The euro rose to a session high and shares reversed early losses after a key German economic indicator bolstered hopes that Europe's largest economy was recovering and eased debt fears spurred by a Moody's downgrade of six of the region's nations.

Germany's ZEW Indicator of Economic Sentiment suggested the economic recovery, which slowed at the end of last year, is back on track and that analysts are less fearful now about the impact of the region's debt crisis on the growth outlook.

The economic weakness at the turn of the year is starting to look more and more like it was just a mere dent, said Rainer Sartoris, an analyst at HSBC Trinkaus.

A successful bond auction of three-year debt by Italy, where yields fell to their lowest level since March 2011, added to the sense that risk aversion prompted by the Moody's announcement was overdone.

Good auction, pretty much unaffected by yesterday's downgrades from Moody's, said Peter Chatwell, a rate strategist at Credit Agricole CIB.

The euro rose to $1.3205 from around $1.3185 before the ZEW survey was released. German Bund futures sank to a session low of 138.14, down 9 ticks on the day, having stood flat ahead of the release.

The FTSEurofirst 300 index <.FTEU3> turned flat at 1,071.22 points, having traded in the red ahead of the survey release, largely in response to Moody's announcement it may cut the AAA ratings of France, Britain and Austria, while it downgraded Italy, Portugal, Spain, Slovakia, Slovenia and Malta.

The broad MSCI All Country World Index <.MIWD00000PUS> was also virtually flat at 326.61 after Asian shares earlier fell on the Moody's announcement and its warning over the UK, which had previously been seen as something of a safe haven for investors looking to diversify away from the euro zone.
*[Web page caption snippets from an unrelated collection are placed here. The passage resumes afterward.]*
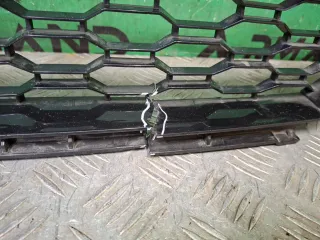 51118064599, 8089751, 9 Решетка бампера BMW X3 G01 Арт 376772RM, вид 4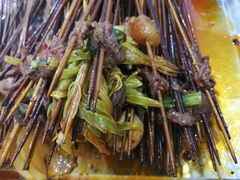 -雲记卢妈冷锅串串(中道街总店)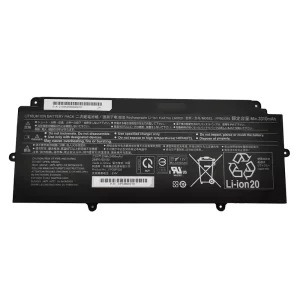 Laptop akkumulátort az FUJITSU FPB0339S FPCBP535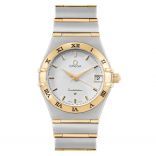 Pre-Owned Omega Constellation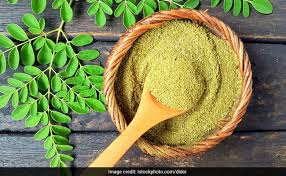 Moringa Leaves(500g): The Herbal Cure for Diabetes and Beyond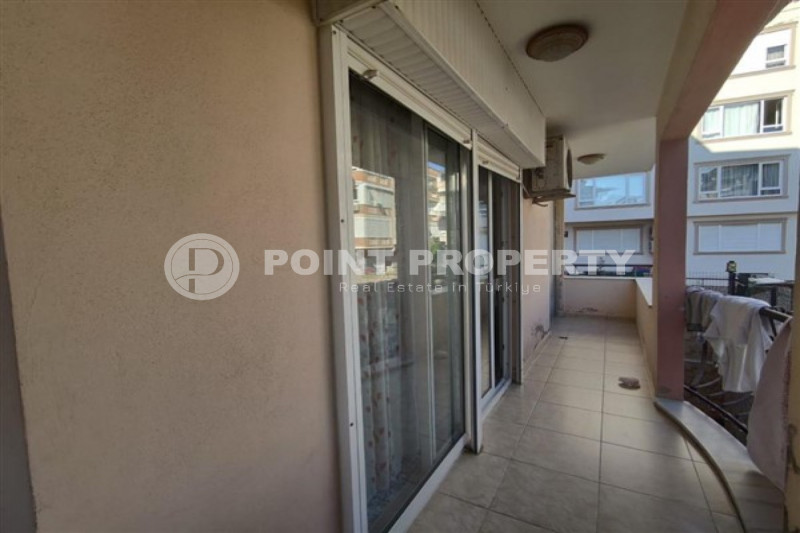 Apartment in Turkey, in Alanya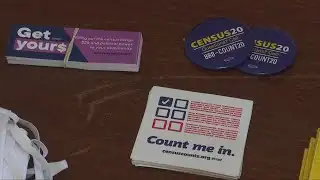 Is the Census worker at your door legitimate?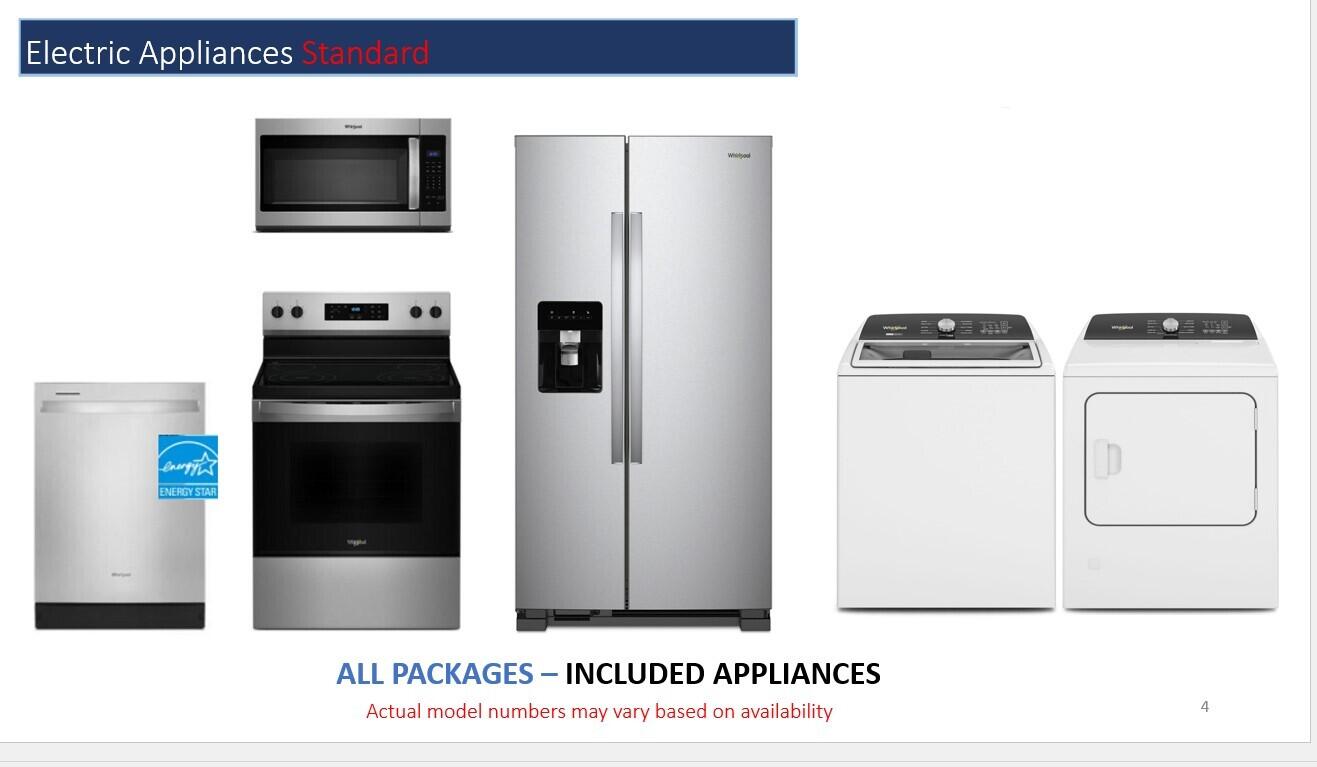 EVERTON - Residential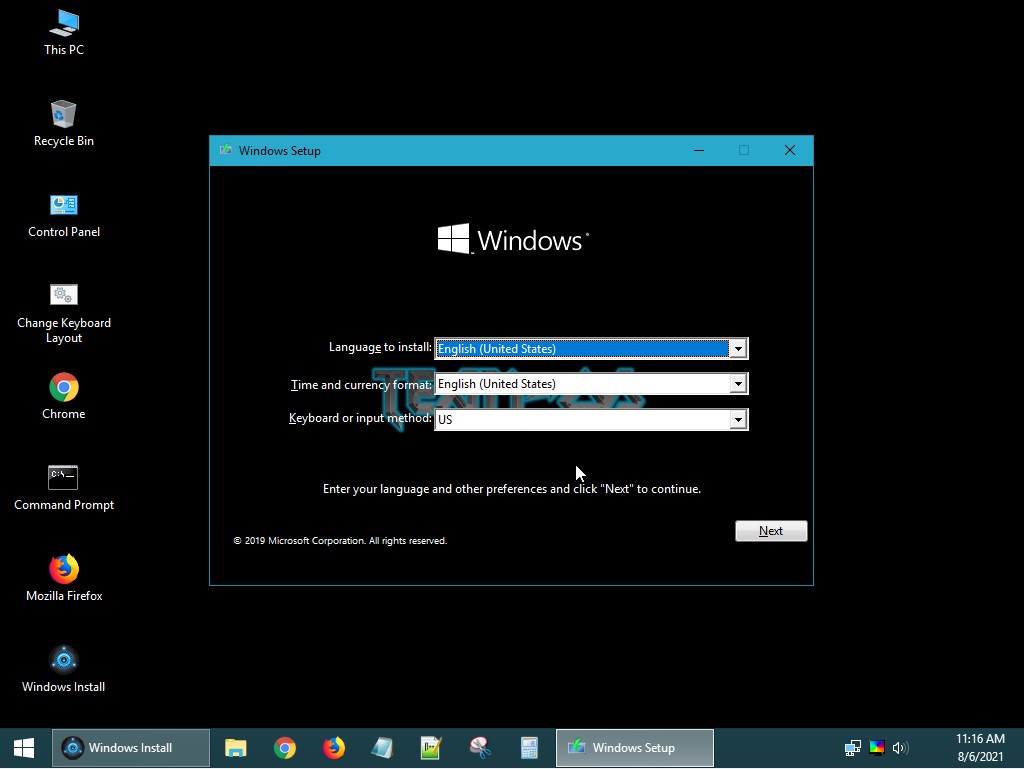 windows 10 pro ltsc download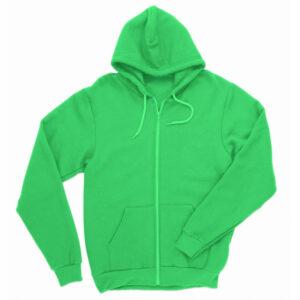 Zip-up Hoodies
Investors had also become worried about whether the European Union and the International Monetary Fund would judge adequate new austerity cuts approved by the Greek parliament, which are needed to release bailout funds and avoid a chaotic default.


The U.S. dollar strengthened against the yen and Tokyo stocks rose <.n225> when Japan's central bank surprised markets with a further loosening of monetary policy by increasing its asset buying and lending scheme.

Although not expected so soon, the move tallies with easier stances adopted by other major developed world central banks as they seek to support a modest recovery in the global economic outlook and encouraged investors to move into riskier assets like equities.

Cheap loans from the European Central Bank and the prospect of a lot more of this type of funding at the end of the month helped Italy sell 6.0 billion euros of new government at average yields of 3.41 percent, compared with 4.83 percent in mid-January.